Spent Grain Bread

I love spent grain bread. It’s one of my very favorite things about brewing.

You see: brewing is sort of a wasteful process. You take eight or ten or twelve pounds of grain, soak it in water, and convert the runnings from that little bath into five gallons of sweet wort, and then eventually into five gallons of beer.

And all of that is great. And tasty. But when the process is done, it’s not as though the grain has disappeared. It’s given up its sugars to the noble cause of fermentation. But at the end of the day — once the wort is in the bucket — you still have a big, soggy pile of husks and what-have-you left over. And about that, something must be done.

It helps to have a compost pile. I don’t know a lot about the chemistry of compost. But I do know that the microbial life that converts yard waste into nutritious dirt loves — loves! — spent grains. Sarah and I toss them into the bin and in what seems like no time at all, they’re gone. Digested. Swept away by the pixies that keep our garden’s ecology going.

But even so — even though I know that by composting the grain, I’m turning it into something good — it always seems a shame to just make it disappear. One of the habits I’ve picked up brewing is to chew on spent grain while I’m doing my boil. And though it’s nothing you’d want to swallow in that state — it’s plenty tasty. Those maltsters, after all, know how coax flavor from their catch.

And so, with that in mind, one thing I’ve started doing is holding back some of the spent grains. I’ve been sticking them in the freezer in individual two-cup packages, with the idea that I’ll bake with them later. Most of the grain still gets composted. But between brewing days, I get four or five chances to make lovely, rich, moist-in-the-middle spent grain bread that’s high in fiber, and hardy enough that one or two slices is, by itself, enough to constitute a meal.

It’s lovely. And I’d highly recommend that you try it.

Before I show you how it’s done, though, a quick note: this, like the ciabatta I did a couple of weeks ago, is not a beginner’s bread. The dough is wet and hard to work with. It helps to have a stand mixer. And it’s imperative that you have a baking stone.

If you have some experience baking, I say go for it. Otherwise, you might want to lower the hydration to somewhere between 360 and 370 grams of water. Or you might want to look at this whole grain brown bread, which will be much easier to do.

400 grams Water
400 grams Whole Wheat Flour
150 grams Unbleached AP Flour
1 1/2 cups Spent Grains from brewing*
1/4 cup Flax Seeds (either ground or whole)
3 tbsp Molasses
1 1/2 tsp Salt
1/2 tsp Yeast

The Night Before: To the workbowl of your stand mixer, add 200 grams of the wheat flour, 400 grams of water, and the yeast. Mix thoroughly, and allow to stand covered on the counter overnight.

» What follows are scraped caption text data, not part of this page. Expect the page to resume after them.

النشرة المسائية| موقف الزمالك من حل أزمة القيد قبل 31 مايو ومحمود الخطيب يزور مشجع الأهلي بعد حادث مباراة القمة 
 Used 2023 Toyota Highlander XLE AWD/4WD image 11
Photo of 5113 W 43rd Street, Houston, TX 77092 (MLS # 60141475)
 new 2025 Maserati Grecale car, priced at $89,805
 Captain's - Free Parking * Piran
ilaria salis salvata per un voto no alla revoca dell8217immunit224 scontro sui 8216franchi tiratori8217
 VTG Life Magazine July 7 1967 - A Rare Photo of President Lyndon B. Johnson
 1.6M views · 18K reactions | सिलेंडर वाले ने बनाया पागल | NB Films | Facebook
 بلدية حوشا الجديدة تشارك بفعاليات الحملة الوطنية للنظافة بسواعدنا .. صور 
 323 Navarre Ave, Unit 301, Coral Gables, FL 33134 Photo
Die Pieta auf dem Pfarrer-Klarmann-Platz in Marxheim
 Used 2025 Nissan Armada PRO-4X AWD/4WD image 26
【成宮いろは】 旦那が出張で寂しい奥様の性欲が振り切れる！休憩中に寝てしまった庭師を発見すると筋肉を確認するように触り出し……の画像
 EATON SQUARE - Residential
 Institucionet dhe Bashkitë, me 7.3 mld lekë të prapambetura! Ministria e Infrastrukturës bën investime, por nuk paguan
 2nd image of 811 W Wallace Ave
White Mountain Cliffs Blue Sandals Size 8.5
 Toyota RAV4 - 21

The Day Of: Add the rest of the ingredients to the bowl. With the dough hook attachment of your stand mixer, mix on low until everything comes together. Then turn the mixer to medium (I use setting 4 on the Kitchen Aid), and knead for about fifteen minutes. It will look more like batter than dough at first. But not to worry — it will firm up, at least a little.

When the dough is kneaded, form it into a ball as best you can and move it to an oiled bowl. After twenty minutes, and then again after forty, stretch and fold the dough, following the instructions here (this will firm it up considerably). Then allow it to rise, covered, for another two and a half hours, or until it has more than doubled in size.

When it is risen, move the dough to a well floured board (or counter). Gently form it into the shape of your choice (I chose a boule because I have a really convenient round brotform). Cover, and allow to proof for 50 minutes.

While it is proofing, set your oven up for hearth baking (yes — a stone, or at least an inverted cast iron pan, is essential for this bread), and preheat it as high as it will go (525F for me). Then flip the dough onto a parchment-lined pizza paddle, slide it into your oven, lower the oven temperature to 450F, and bake for 40 minutes, turning the bread halfway through.**

When the bread is cooked, remove it to a wire rack and allow to cool completely before slicing. It is especially well suited, I find, to breakfast. With jam. And maybe also Nutella.

(You can, of course, find many more fabulous bread recipes through Wild Yeast’s YeastSpotting Archive!)

* This recipe may also work with other cooked whole grains. But I haven’t tried it, so I couldn’t say for sure. Experiment! Then let me know!
** For improved crust, fill a spray bottle with water; and for the first two minutes that your bread is baking, spray the walls of the oven every 30 seconds. This will create steam, which will keep the surface of the bread moist, and allow a thicker crust to form. If you do this, don’t turn the oven down to 450F until you’ve finished. Opening the oven every 30 seconds loses a lot of heat.